Scraped caption text data
....

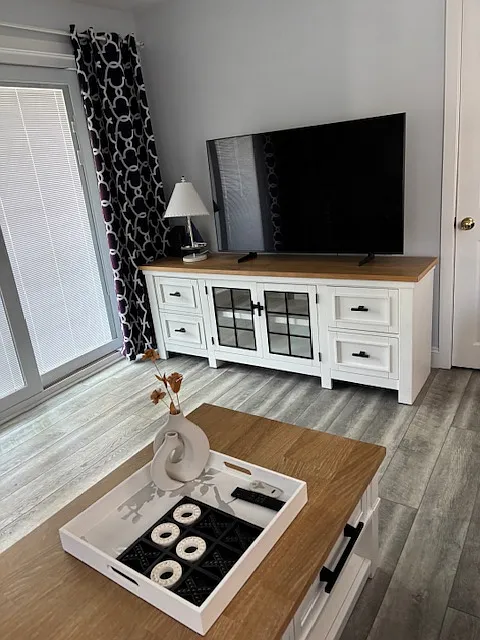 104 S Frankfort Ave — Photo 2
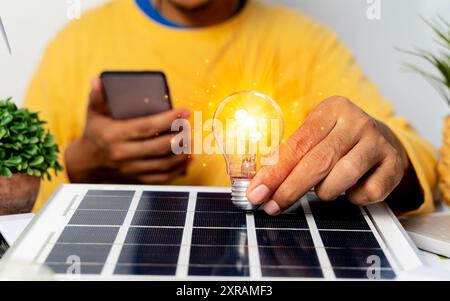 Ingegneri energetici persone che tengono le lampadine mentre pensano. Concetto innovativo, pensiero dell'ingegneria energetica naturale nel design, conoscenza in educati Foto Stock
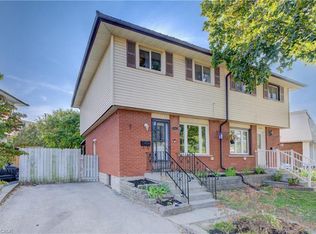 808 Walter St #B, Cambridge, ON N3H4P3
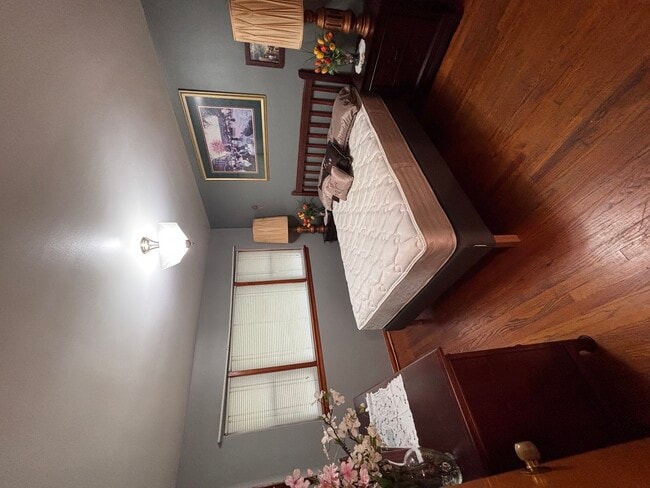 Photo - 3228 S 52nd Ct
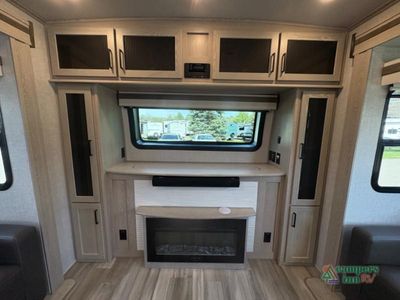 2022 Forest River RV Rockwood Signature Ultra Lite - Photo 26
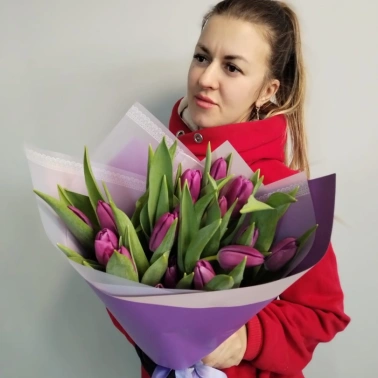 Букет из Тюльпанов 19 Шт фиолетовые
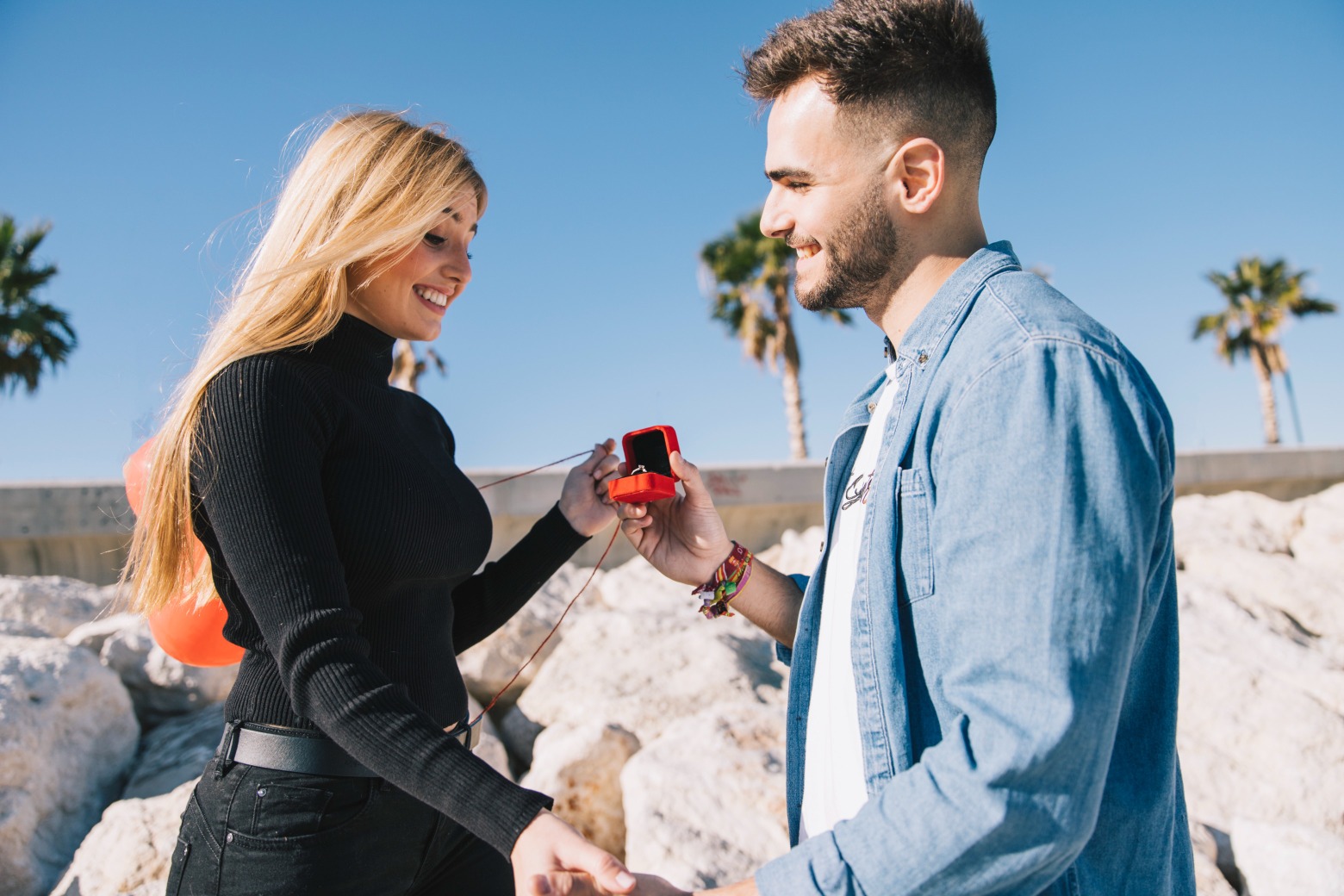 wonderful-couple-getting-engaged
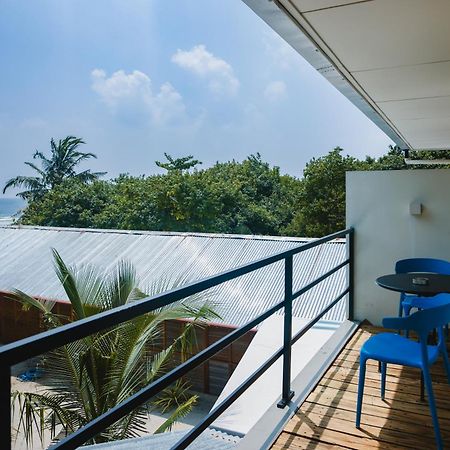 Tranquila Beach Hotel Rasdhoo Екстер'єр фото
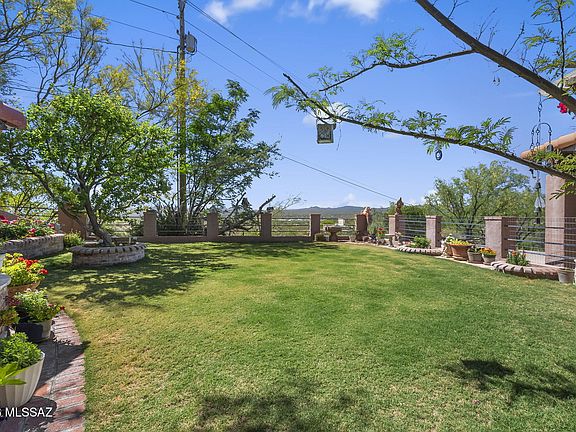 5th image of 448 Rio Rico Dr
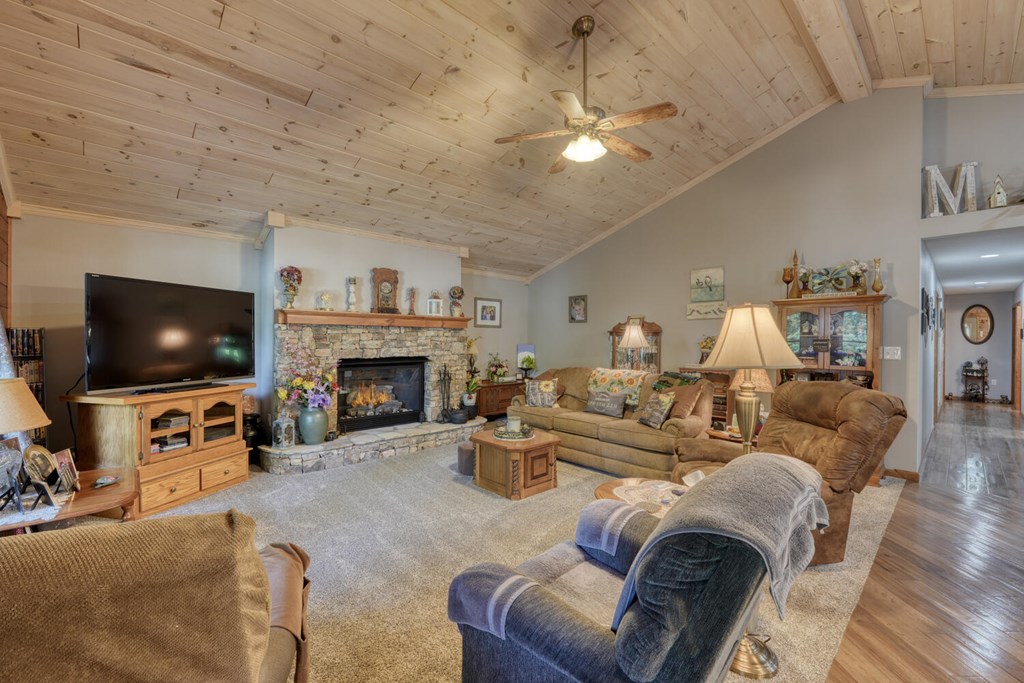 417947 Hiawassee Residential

....

Return, exactly as they appear, the lines from the line containing "Ingegneri energetici persone" through the end of the records above, both ends included, without pictures.

 Ingegneri energetici persone che tengono le lampadine mentre pensano. Concetto innovativo, pensiero dell'ingegneria energetica naturale nel design, conoscenza in educati Foto Stock
 808 Walter St #B, Cambridge, ON N3H4P3
 Photo - 3228 S 52nd Ct
 2022 Forest River RV Rockwood Signature Ultra Lite - Photo 26
 Букет из Тюльпанов 19 Шт фиолетовые
 wonderful-couple-getting-engaged
 Tranquila Beach Hotel Rasdhoo Екстер'єр фото
 5th image of 448 Rio Rico Dr
 417947 Hiawassee Residential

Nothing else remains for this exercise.